TASK STATEMENT
Your answer must consist solely of the lines from the start of the entries below through the line with "ID license plate E423315", unchanged.

PROVIDED MATERIAL
++++++

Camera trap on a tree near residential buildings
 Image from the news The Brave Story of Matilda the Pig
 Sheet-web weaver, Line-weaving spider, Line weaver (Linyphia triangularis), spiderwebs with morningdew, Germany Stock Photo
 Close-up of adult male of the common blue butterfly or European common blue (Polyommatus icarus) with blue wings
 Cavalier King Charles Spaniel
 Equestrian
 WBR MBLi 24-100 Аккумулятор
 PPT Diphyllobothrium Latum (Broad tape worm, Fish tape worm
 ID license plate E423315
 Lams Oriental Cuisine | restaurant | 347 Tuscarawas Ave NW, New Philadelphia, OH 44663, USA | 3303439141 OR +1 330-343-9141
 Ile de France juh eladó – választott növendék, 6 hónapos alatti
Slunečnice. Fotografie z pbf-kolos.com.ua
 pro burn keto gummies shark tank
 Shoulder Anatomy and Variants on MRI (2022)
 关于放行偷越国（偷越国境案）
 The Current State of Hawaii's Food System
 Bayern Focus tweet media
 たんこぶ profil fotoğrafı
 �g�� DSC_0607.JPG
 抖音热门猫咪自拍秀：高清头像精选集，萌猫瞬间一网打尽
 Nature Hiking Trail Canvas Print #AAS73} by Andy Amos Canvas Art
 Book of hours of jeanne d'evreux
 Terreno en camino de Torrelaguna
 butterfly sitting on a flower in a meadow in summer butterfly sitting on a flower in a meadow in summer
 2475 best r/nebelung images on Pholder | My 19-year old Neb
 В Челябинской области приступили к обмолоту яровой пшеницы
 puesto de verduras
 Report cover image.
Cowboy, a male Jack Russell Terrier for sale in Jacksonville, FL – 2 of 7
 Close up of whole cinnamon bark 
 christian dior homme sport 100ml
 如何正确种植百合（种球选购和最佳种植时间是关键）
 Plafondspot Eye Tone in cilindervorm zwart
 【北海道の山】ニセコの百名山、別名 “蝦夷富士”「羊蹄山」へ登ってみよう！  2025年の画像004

++++++

SOLVED PROBLEM
Camera trap on a tree near residential buildings
 Image from the news The Brave Story of Matilda the Pig
 Sheet-web weaver, Line-weaving spider, Line weaver (Linyphia triangularis), spiderwebs with morningdew, Germany Stock Photo
 Close-up of adult male of the common blue butterfly or European common blue (Polyommatus icarus) with blue wings
 Cavalier King Charles Spaniel
 Equestrian
 WBR MBLi 24-100 Аккумулятор
 PPT Diphyllobothrium Latum (Broad tape worm, Fish tape worm
 ID license plate E423315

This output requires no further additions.